Email: dix2 at pitt dot edu
Research Interests:
Artificial Intelligence in Medicine
Investigation of a Data and Knowledge Driven System for Sequential Diagnosis
The goal of this project was to combine EHR data with medical knowledge to generate a sequential diagnostic system.
I developed an algorithm generating medical diagnostic trees that recommend diagnostic actions by considering clinical workflow, diagnostic accuracy, and misdiagnosis costs.
Demonstrated with EHR data for heart disease classification task in Emergency room (116,797 encounters, 37,376 features), the new system I created has better clinical alignment, higher diagnostic accuracy, and lower misdiagnosis costs than baseline models which were developed using a traditional multi-label classification tree algorithm (ML-C4.5) and a deep reinforcement learning algorithm (deep Q learning).
Heart Failure Readmission Prediction
The goal of this project was to use a large amount of EHR data to develop models that can assess patients' risk of returning to hospital within 30 days.
We collected data of 15,703 visits from 14 hospitals in the University of Pittsburgh Medical Center Health System, retrieving six types of data in our study: demographic information, diagnosis, healthcare utilization information (e.g., number of ER visits within 12 months), 6148 distinct drug categories (RxNorm and NDF-RT), 3,545 distinct laboratory tests, and 20,304 distinct UMLS CUIs from reports.
I developed a risk assessment predictive model, which had a good discriminatory power (AUROC 0.650), which was statistically significantly better than the HOSPITAL score method and LACE score method. I found that healthcare utilization was the most valuable data type for readmission risk assessment.
An Evaluation of a Natural Language Processing Tool for Identifying and Encoding Information in Emergency Department Clinical Notes
The goal of this project was to determine the accuracy of the cTAKES system in identifying predetermined factors from unstructured ED electronic health records. We created a list of 10 factors related to cardiac medical diagnosis and disease status. Two physicians reviewed 419 clinical records for each of the 10 factors and coded each factor as "positive," "negative," and "missing". The clinical reviewer assignment was used as the gold standard for the purpose of analysis. I used cTAKES to retrieve clinical information and analyzed performance. The result showed that 84.4\% factors were identified correctly by cTAKES.
Classification of Positive Valence System Symptom Severity using Initial Psychiatric Evaluation Records
The goal of this project was to develop a framework that can automatically classify initial psychiatric evaluation records to one of four positive valence system severities, which was part of the CEGS N-GRID 2016 Shared Task in Clinical Natural Language Processing competition. We derived question-answer features and UMLS concept features (using MedLEE) from the initial reports, and built two decision tree models and one Bayesian network model. I built two decision tree models using the "rpartScore" package, and the macro average-inverse normalized mean absolute error scores were 82.56. There were 24 participating teams and 65 valid submitted runs. Our models earned 4th place, and we were invited to publish one paper in the Journal of Biomedical Informatics.

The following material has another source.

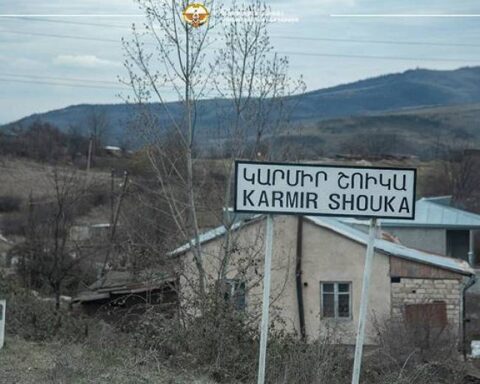 Ատրպէյճանական զինուժը կրակ բացած է Կարմիր Շուկայ գիւղի ուղղութեամբ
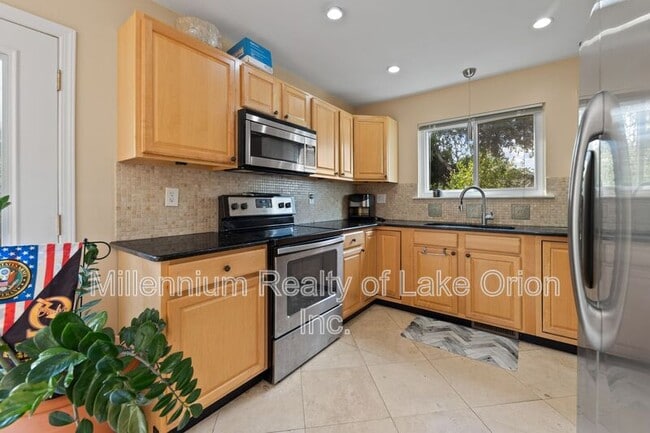 676 Sheffield Rd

Predicting Clinical Outcomes Using High-dimensional Genomic Datasets
The objective of this investigation was to evaluate binary prediction methods for predicting disease status using high-dimensional genomic data, which included one hundred 1000-single nucleotide polymorphismc (SNP) simulated datasets, ten 10000-SNP datasets, six semi-synthetic sets, and two real genome-wide association studies (GWAS) datasets. I conducted experiments to predict clinical outcomes using different machine learning algorithms, including Naive Bayes, model averaging Naive Bayes, feature selection Naive Bayes, efficient Bayesian multivariate classifier, logistic regression, support vector machines, and lasso. In five-fold cross-validation studies, the SVM performed best on the 1000-SNP datasets, while the BN-based methods performed best on the other datasets, with EBMC performing best. The results were published in the Journal of the American Medical Informatics Association.
Predicting Patient Survivorship Using Efficient Bayesian Network Learning
The purpose of this project was to develop and evaluate a new Bayesian network (BN)-based patient survivorship prediction method. We developed the EBMC-Survivorship (EBMC-S) method, which predicts survivorship for each year individually. EBMC-S is based on the EBMC BN algorithm, which has been shown to be able to handle high-dimensional data. We evaluated EBMC-S using the Molecular Taxonomy of Breast Cancer International Consortium dataset. Results showed that EMBC-S performs better than the Cox proportional hazard model and is comparable to the random survival forest method. The results were published in Cancer Informatics.